The first building in the place was erected by Smith Bros., of Clinton, in Henry County. William E. Brinkerhoff and V. A. Wallace took charge of the store -- general merchandise -- for Smith Bros. The second building was a private residence, built by Judge Charles I. Robards. The second business house was owned and operated by James Hodkins and E. M. King (Hodkins & King).

The first blacksmith was Alexander Gordon.

Joel Pratt was the first postmaster, and was succeeded by James E. Mathews.

The Presbyterians erected a church edifice in 1869 (frame building) in the town. This, however, was taken down and one-half of it was moved to Appleton City, three and a half miles east. The building was a large one, and in order to move it more easily it was cut into two pieces. One-half of the building was taken to Appleton City and the other half was started with, but was destroyed by fire at night before it reached the town. S. G. Clark, a Presbyterian minister, now at Rich Hill, preached for them. The church was organized with the following members: Mrs. Sallie A. Taylor, E. S. Chapin and wife and E. K. Gird and wife.

The present business of the place is done by David Connell, who is a merchant and is the present postmaster. Dr. H. H. Taylor is the blacksmith.

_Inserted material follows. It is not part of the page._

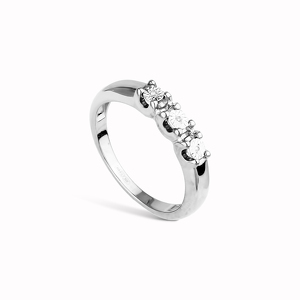 Серебряное кольцо с бриллиантом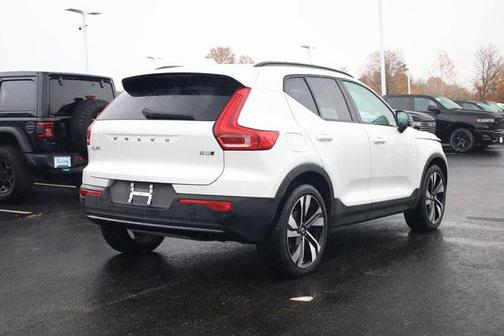 2024 Volvo XC40 B5 Plus Dark Theme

The town was nearly depopulated when Appleton City sprung up.

CHURCHES IN THE TOWNSHIP.

The Missionary Baptists and M. E. Church South have houses of worship also in the township; the Baptists have their building in what is called Round Prairie, and the Methodists theirs in the southeastern part of the township. William Melton and wife and Mrs. M. A. Page are among the original members of the former, and James Hook and wife among the membership of the latter.

SCHOOL.

The first school in the township was taught by Cynthia Tousley, a sister of Judge Charles I. Robards. This was in 1843, and was taught at the residence of Richard Stratton, near the present town of Hudson.

LAHAI.

About the year 1877 a postoffice was established, called Lahai, in the township, but after being kept up for about four years was discontinued in 1882. John W. Brown was the first postmaster, succeeded by Clark Wix.

COAL.

There is an abundance of coal in the township, which has been developed in different localities of the same. The vein on Panther Creek is four feet in thickness and crops out for a quarter of a mile.